== YOUR OBJECTIVE ==
Pictures stay out of the copy. Retype exactly, and only, the lines from the one containing "Un baño moderno" through the end of the listing below.

☆ ☆ ☆ ☆ ☆

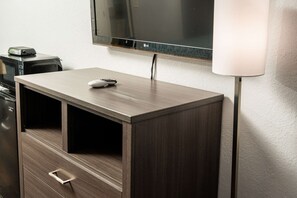 Desk, laptop workspace, blackout drapes, iron/ironing board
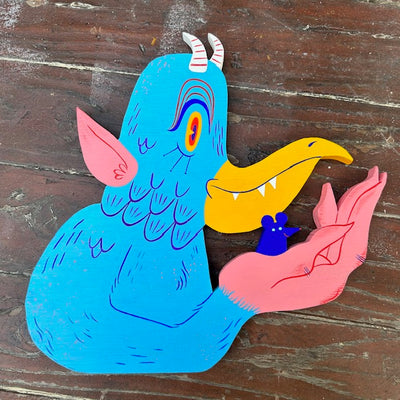 Die cut painted wooden sculpture of a bird monster with white horns, pink ears and pointy teeth with a yellow beak. It holds a small blue mouse in its hand.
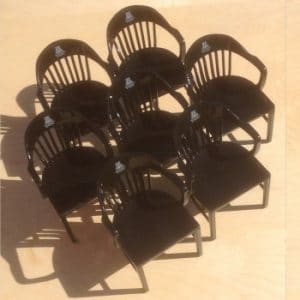 Seven black University of Arizona miniature college chairs on maple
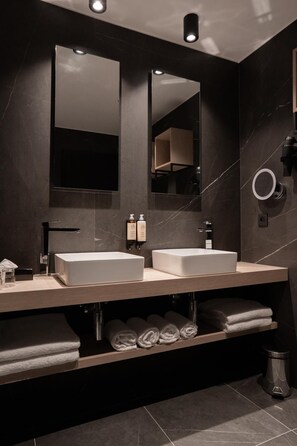 Un baño moderno con dos lavamanos, un espejo grande y un perchero para toallas.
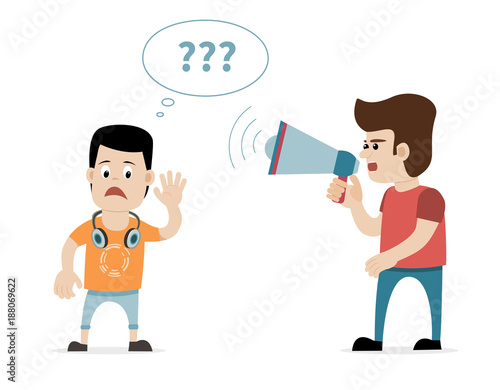 A man shouting with megaphone at hearing impaired young boy photo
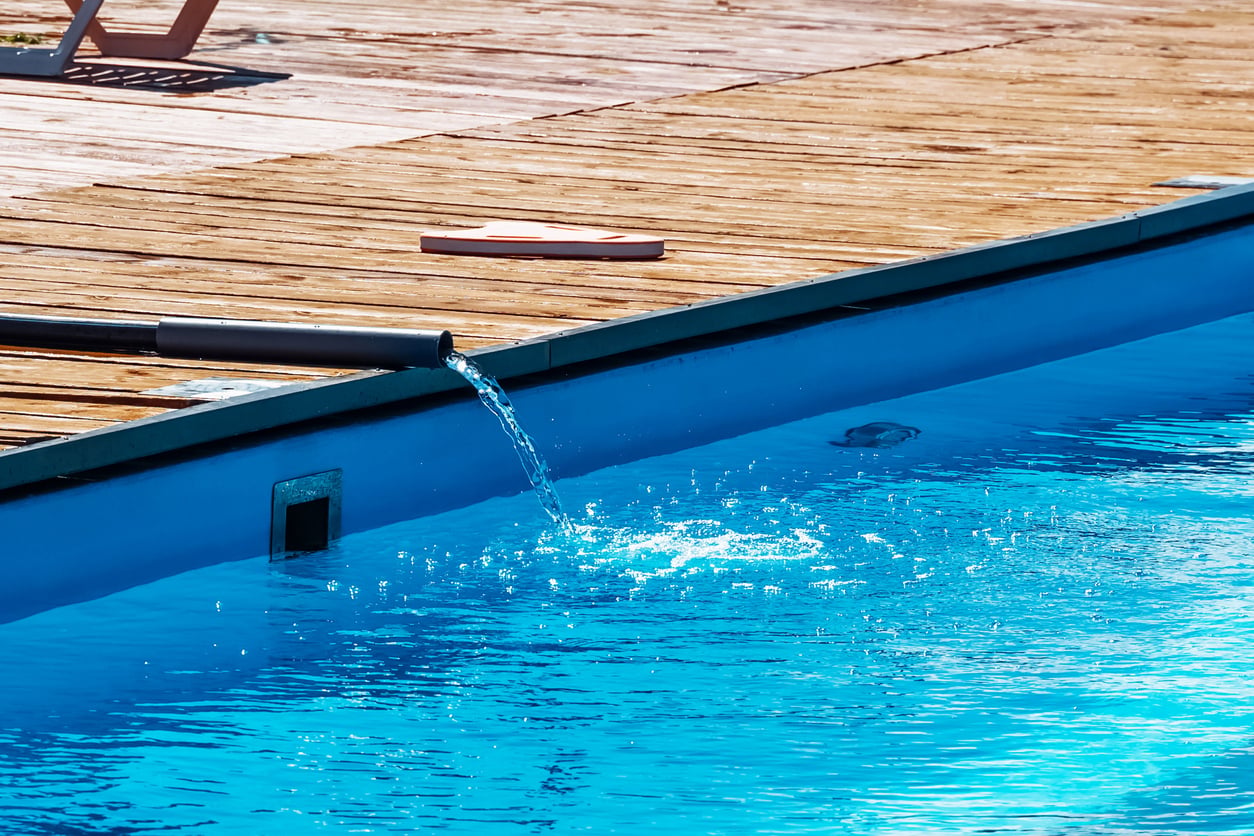 Water flows from a black pipe into a bright blue swimming pool next to a wooden deck. A pink object lies on the deck in the sunlight.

☆ ☆ ☆ ☆ ☆

== EXERCISE ANSWER ==
 Un baño moderno con dos lavamanos, un espejo grande y un perchero para toallas.
 A man shouting with megaphone at hearing impaired young boy photo
 Water flows from a black pipe into a bright blue swimming pool next to a wooden deck. A pink object lies on the deck in the sunlight.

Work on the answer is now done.